Help Operators Understand Sizing Adjustments

Making sizing adjustments is one of the most important tasks a CNC operator must master. Even when CNCs are equipped with post-process gaging systems that automatically update the CNC with offset changes for critical surfaces, there are always a few important adjustments that are not automatically done. Do everything you can to ensure that CNC operators are able to perform this critical task.

Explain that the need for sizing adjustments is caused by four issues, three of which are handled by the setup person when running the first workpiece in a production run:

1. Initial compensation adjustments that are not perfect — the setup person may not perfectly measure and enter certain cutting tool-related values, like tool length or radius.
2. Tool wear — even if initial compensation measurements are made perfectly, tool pressure may cause a machined surface to stray from its intended position.
3. Cutting tool quality issues — an end mill may be running out in its holder, for instance, causing it to machine more material than it should.

Relate how setup people use trial machining techniques to “size in” each tool while running the first workpiece. If they do this correctly, the first workpiece will be a good one, and the production run will begin with all machined surfaces being machined very close to their intended sizes (target values).

CNC operators must know that their sizing-adjustment involvement is related to tool wear, which is most pronounced with single-point cutting tools like turning tools and boring bars. It causes machined surfaces to grow or shrink in the direction of the cutting tool. Depending on the tolerance involved, tool wear can cause a surface to grow or shrink out of its tolerance band over time. The CNC operator must make a sizing adjustment before this occurs.

With small lots and short machining cycles, tool wear will not be an issue. All workpieces will be finished before critical surfaces grow or shrink out of tolerance.
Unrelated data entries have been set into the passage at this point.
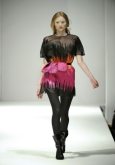 Bernard Chandran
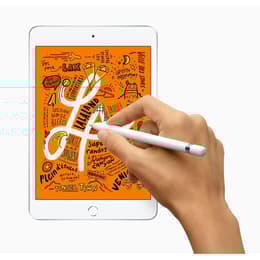 iPad mini (2019) 5. Generation 64 GB - WLAN - Space Grau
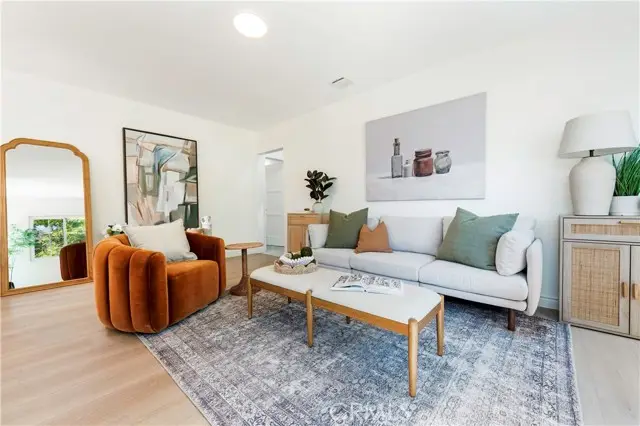 2501 Belmont, Long Beach, CA 90815 - #2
More to the point, it is often a highly skilled setup person who runs out the job when only a few workpieces must be produced. A lesser-skilled operator will not be involved.

The larger the lot size and the longer the machining cycles, the more likely it becomes that tool wear must be dealt with. With large lots, jobs are often turned over to a lesser-skilled operator. This operator must possess many of the same sizing-adjustment skills a setup person utilizes when making adjustments during setup.

To make a sizing adjustment for a given surface, the operator must know, or be able to determine, at least five things:

1. The cutting tool’s adjustment method — this is usually an offset register, the number of which is related in some way to the tool station number, so the operator must determine which tool in the turret or magazine machined the surface.
2. The size of the surface in question — the operator must correctly measure the surface.
3. The target (intended) size for the surface in question — this is often, but not always, the mean value of the tolerance band and must sometimes be calculated.
4. The adjustment amount — the difference between the measured size and the target size, and it must be calculated.
5. The adjustment polarity — the focus of the rest of this article.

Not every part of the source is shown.